However, the optimizations in version 6.3.0 avoid this penalty and actually improve on it. We’re going from 5241.09 process instances / second on version 5 to 6605 process instances/second on version 6.3.0.
Another observation is that Flowable has no problem scaling up and handling the concurrent workload. This is of course because the Flowable engine has been designed with high-concurrency in mind. There is a nice linear trend here when adding more threads. Of course, at some point there will be a physical limit on the CPU, but this sixteen-core machine hasn’t reached that point yet (we haven’t tested with more threads, which could tell us this tipping point).

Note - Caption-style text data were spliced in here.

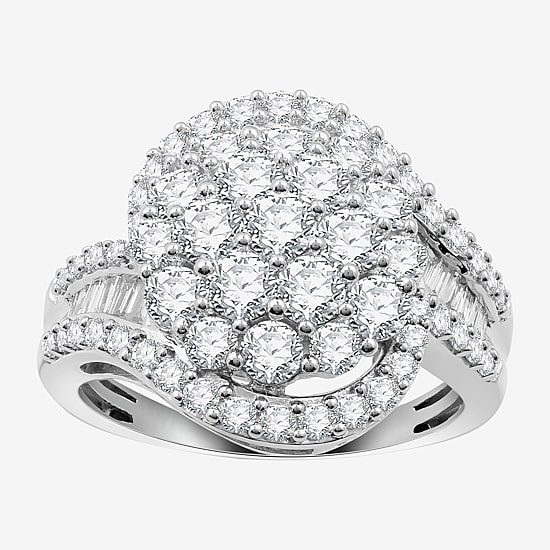 Diamond Blossom Womens 2 CT. T.W. Lab Grown White Diamond Sterling Silver Cluster Cocktail Ring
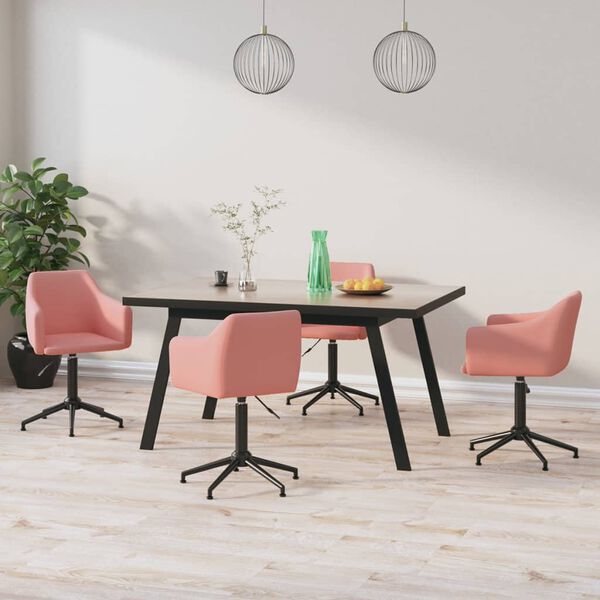 vidaXL Okretne blagovaonske stolice 4 kom ružičaste bar&scaron;unaste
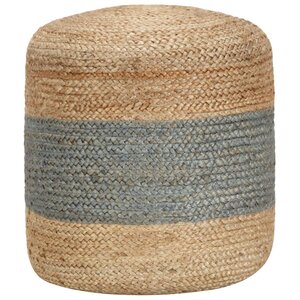 vidaXL Pouf fait à la main Vert olive 40 x 45 cm Jute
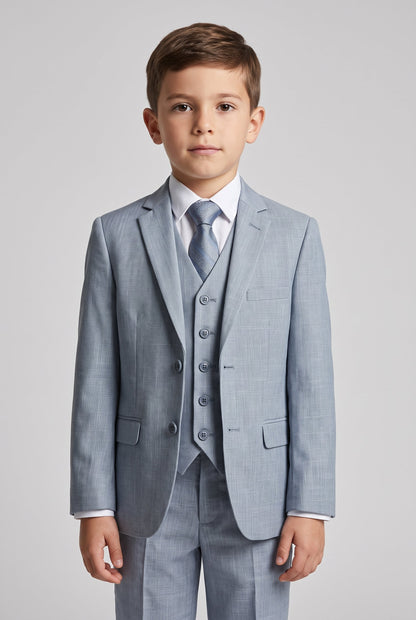 Blazer Infantil Slim Italiano Melange - New Aço
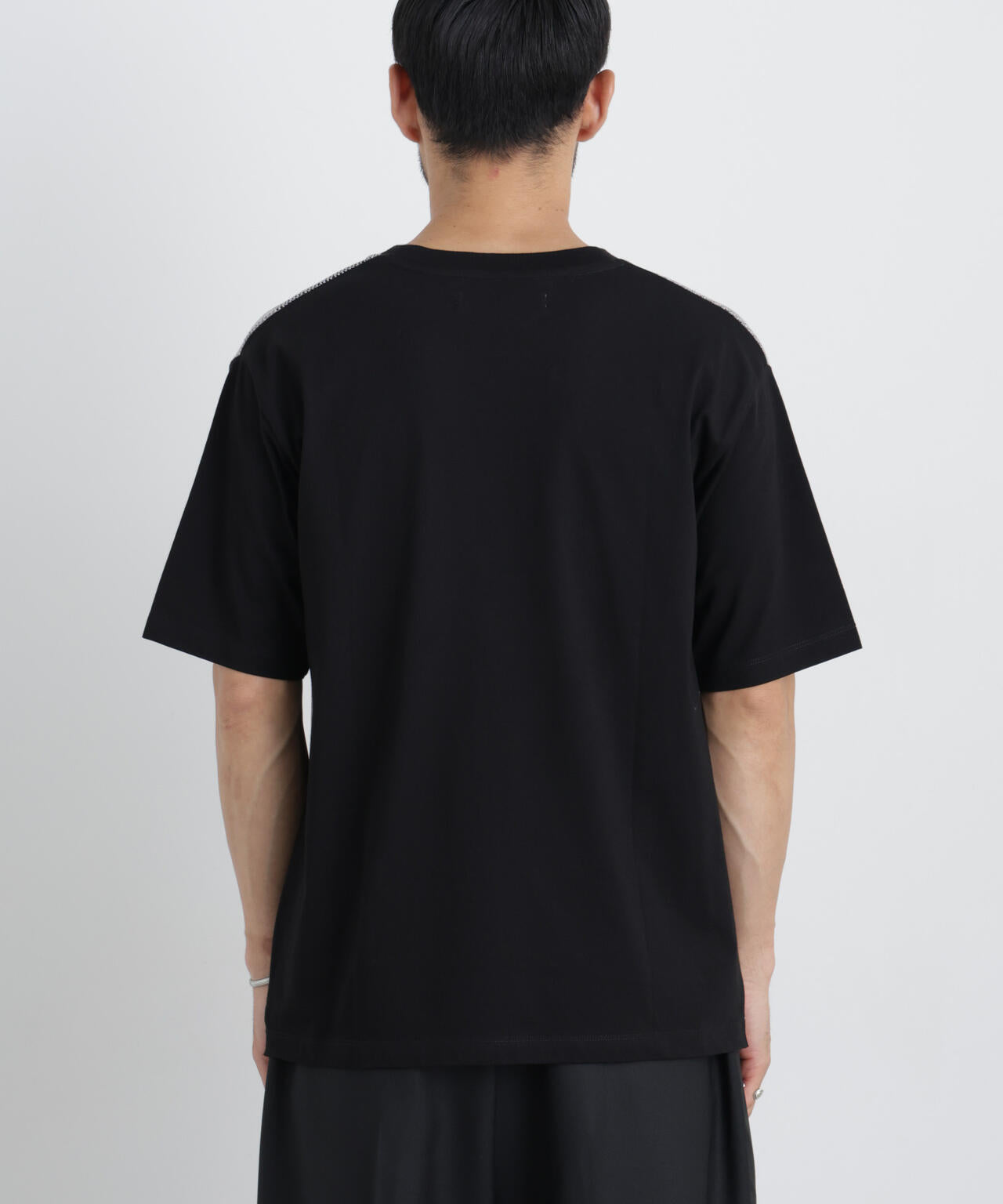 切替チェックニットTシャツ 半袖 6726122222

Do note that when the throughput increases (the amount of process instances we can execute in one second), in general the average execution time per instance goes up as the CPU and IO systems are not constantly doing context switches. Do take in account we leave no breathing room for these systems, as we’re constantly bombarding them with work. In reality, there will be ample pauses. However, as clear from the chart, as the individual average execution time slightly rises, the throughput of the system globally increases. Let’s take, for example, the 6.3.0 average timing chart (we’ll only show this once, the pattern is the same for all the subsequent process definition benchmarks):
Chart 3: Average execution time per instance for 6.3.0
Also noteworthy here: we’re talking about 1.5 – 2.5 milliseconds for one process instance execution, which is very low.
In the numbers above, history data (process instance data, start and end times) are written to the historical data tables, using the default audit history level of Flowable. Let’s see what happens if we disable that:
Chart 4: Single server with local database and history disabled
For this use case we see the throughput more than double (141%) vs version 5.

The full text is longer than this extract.